Territorial, hierarchical and incredibly violent, they are mostly composed of young boys, mainly from dysfunctional homes. They earn money through crime, particularly drugs and are bound together by an imposed loyalty to an authoritarian gang leader

This may well strike many as entirely plausible. It denotes an organized violent group confronting the good society. The only trouble is this reflects a gang stereotype. This is an example of “gang talk” which is an imaginary discourse about gangs constructed by people who do not know much about gang lives (Hallsworth and Young 2008). Gang realities are, in practice, very different from this stereotype. In the UK context, gangs exist, but they are far more fluid, volatile and amorphous, than the myth of the organized group with a corporate structure (Alexander 2008; Hallsworth and Silverstone 2009; Bannister, Pickering et al. 2010) The same is true of the USA, which bequeathed us this gang stereotype (Garot, 2010)

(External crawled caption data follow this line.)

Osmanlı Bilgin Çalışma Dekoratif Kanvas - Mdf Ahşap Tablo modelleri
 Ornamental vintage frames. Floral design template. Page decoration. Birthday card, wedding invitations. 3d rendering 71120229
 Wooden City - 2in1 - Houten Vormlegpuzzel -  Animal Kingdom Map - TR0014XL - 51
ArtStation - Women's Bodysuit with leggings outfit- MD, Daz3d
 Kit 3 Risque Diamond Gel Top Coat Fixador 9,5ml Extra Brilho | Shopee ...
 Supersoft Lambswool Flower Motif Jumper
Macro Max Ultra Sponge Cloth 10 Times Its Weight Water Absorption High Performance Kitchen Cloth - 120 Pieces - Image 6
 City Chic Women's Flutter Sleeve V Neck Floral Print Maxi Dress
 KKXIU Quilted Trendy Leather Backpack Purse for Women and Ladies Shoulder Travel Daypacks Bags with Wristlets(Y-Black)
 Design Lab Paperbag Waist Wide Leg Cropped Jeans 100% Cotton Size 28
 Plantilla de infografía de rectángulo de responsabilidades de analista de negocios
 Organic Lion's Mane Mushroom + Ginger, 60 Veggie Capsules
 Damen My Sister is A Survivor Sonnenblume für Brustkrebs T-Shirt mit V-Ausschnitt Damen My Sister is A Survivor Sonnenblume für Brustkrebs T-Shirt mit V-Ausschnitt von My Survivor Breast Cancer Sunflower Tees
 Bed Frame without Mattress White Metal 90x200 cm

The term “gang”, it should be noted, is not a neutral description it comes prepackaged with an array of assumptions that are evoked when it is utilized. The gang as such

…signifies not this or that group out there but a Monstrous Other, an organized counter force confronting the good society; what Katz and Jackson-Jacobs describes as a ‘transcendental evil’ (Katz and Jackson-Jacobs, 2004). To deploy Christie’s (2001) term the gang provides a ready made ‘suitable enemy’, suitable precisely because no one can disagree with its classification as such. The monstrousness of the group is certainly bound up with perennial fears the adult world has with its young, but there is an ethnic dimension to this fear in so far as the gang is always seen to wear a black or brown face. Thus the gang problem is always a problem of Jamaican ‘Yardies’, the African Caribbean Ghetto boys, the Muslim Boys, the Chinese Triads, the Turkish/ Kurdish Baybasin Clan, the Asian Fiat Bravo Boys and so on. These are outsiders threatening the good society; outsiders unlike us, essentialized in their difference (Hallsworth and Young p185).

Even in the violent street world, where gang life is lived out, as recent ethnographies of gangs have shown, it is never quite clear who is and who is not a “real gang” or “real gang member”. Some people may claim to be gangs and other around them might well dispute this and accuse of them of simply being “wanabees” (Garot, 2010). In the meantime such distinctions will not be recognized by enforcement agencies who, lacking all epistemological doubt, have no trouble finding gangs everywhere. Given that the number of gangs that can be found (high or low) depends more on the variables used to define them than the presence of real gangs in an area; it is of course possible to find as many or as few gangs as you need (Hallsworth and Young 2008). Quite what a suitable amount of gangs amounts to, is therefore a political more than a scientific construct. Which is why, in the context of the current debates around the riots, they are apparently everywhere.

With this in mind let us now consider the term “gang affiliation” more closely. What precisely does this term mean: Does it mean gang member (that is, from perspective of enforcement, someone who meets the criteria necessary to be formally labeled as a gang member); or does this mean someone who has been seen by police officers associating with other (sic) “gang affiliated members”. The term is vague and vague terms need to be treated with considerable skepticism. As most young men who live in the areas where the disturbances occurred will know and often interact with gang members who are themselves integrated into wide friendship and kin networks (Gunter 2008) it would not be at all difficult to define most as in some sense “gang affiliated”.

The lesson of this is that we need to be very careful when we want to identify gangs and, beyond that, place them at the center of any criminal conspiracy. Adjudicating who is “gang affiliated” on the basis of a vague concept, imprecise measuring instruments, often dubious intelligence, in the context of a society whose way of imagining gangs owes more to a rich and disturbing fantasy life than informed understanding, must leave room for considerable doubt as to the merits of the gang land UK thesis as a plausible explanation for the riots.